It took considerable self-restraint not to pounce on The Girl Who Played With Fire the moment it arrived from Amazon, but fortunately I was so busy with novel-revising that I literally had no time to read it - it was a delightful way to pass the flight, and I think that if anything it is even more compulsively readable than The Girl with the Dragon Tattoo.
I think it is more wish-fulfillment than actual similarity, but I strongly identify with the semi-feral female heroine in the model of Lisbeth Salander - the crime-fiction prototype for this sort of character is Carol O'Connell's Mallory, but one also finds a version of the type in Smilla's Sense of Snow, and gentler incarnations in my favorite Peter Dickinson novel (The Lively Dead) and in some of Iain non-M. Banks's female protagonists (Whit, The Business). Bonus link: the Literary Saloon reflects on the quite different titles chosen for the translations of Stieg Larsson into various languages.
As soon as I read Jo Walton's recommendation at the Tor website for The Dragon Waiting: A Masque of History, I knew I had to get it! I absolutely loved it, and only regret that I cannot offer it to my twelve-year-old self, who as a passionate devotee of historical fiction (Robert Graves, Mary Renault, Anya Seton) and a lover of Richard III (Josephine Tey's The Daughter of Time, Shakespeare) and an obsessive reader of books set in Roman Britain and/or Arthurian spinoffs (Rosemary Sutcliffe, Gillian Bradshaw, Mary Stewart) would have found this an utterly magical read when it was originally published in 1983. The opening sentences still sent a thrill through my heart:
The road the Romans made traversed North Wales a little way inland, between the weather off the Irish Sea and the mountains of Gwynedd and Powys; past the copper and the lead that the travel-hungry Empire craved. The road crossed the Conwy at Caerhun, the Clwyd at Asaph sacred to Esus, and the Roman engineers passed it through the hills, above the shore and below the peaks, never penetrating the spine of the country.

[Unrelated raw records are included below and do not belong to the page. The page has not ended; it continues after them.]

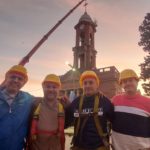 LOS OPERARIOS QUE INSTALARON LA CRUZ – «Sentimos que cumplimos con la ciudad y la gente»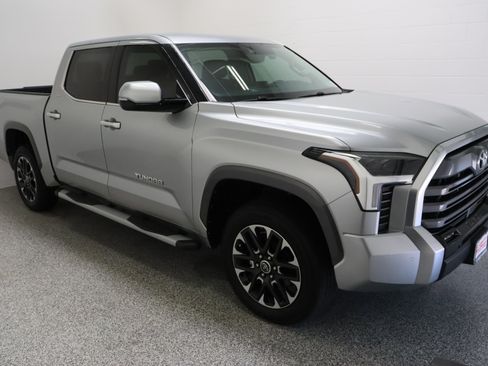 Used 2022 Toyota Tundra Limited w/ Power Package AWD/4WD image 4
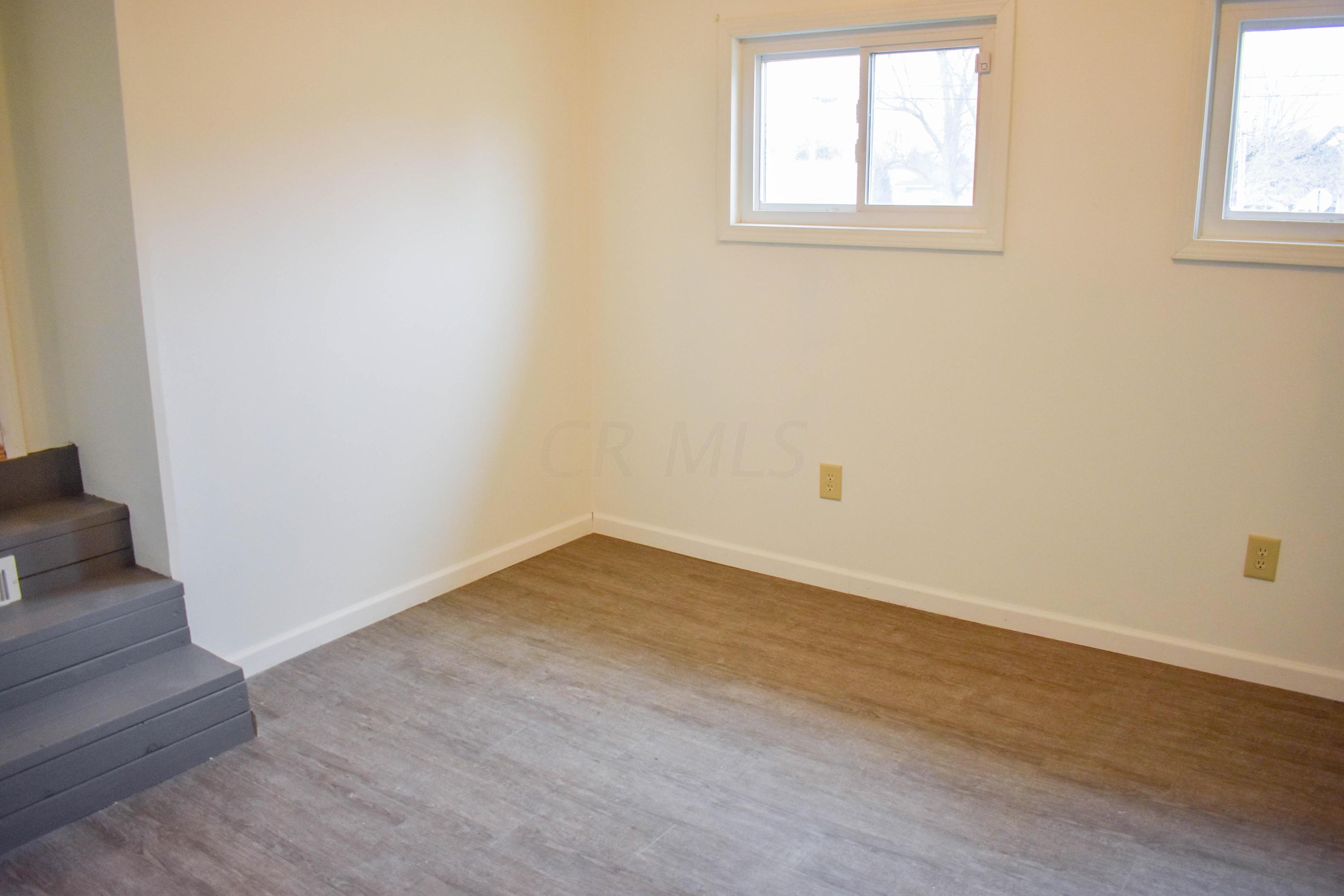 142 South Home Road Mansfield, OH 44906 - Photo 13 of 32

Which is not to say that there were no ways in; only that the Romans did not find them.It is a strange and elliptical and wonderful book; the two are not at all alike, but I would compare it to Pamela Dean's Tam Lin in terms of its power simultaneously to call up my childhood self and still enchant my adult one.

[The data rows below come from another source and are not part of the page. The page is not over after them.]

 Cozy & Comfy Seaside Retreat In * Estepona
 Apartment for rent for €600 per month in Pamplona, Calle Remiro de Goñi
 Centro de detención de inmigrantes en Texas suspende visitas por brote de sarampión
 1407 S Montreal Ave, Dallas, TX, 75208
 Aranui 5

And then another treat: Charlie Williams' Stairway to Hell. There is a special place in my heart that will be forever reserved for the exploits of Royston Blake, but this is a very unusual and appealing novel (and could be well paired with Lewis Shiner's Glimpses and George R. R. Martin's The Armageddon Rag on a rock-and-roll fantasy syllabus - if they ever make a sequel to This Is Spinal Tap, let Charlie be the screenwriter, please!).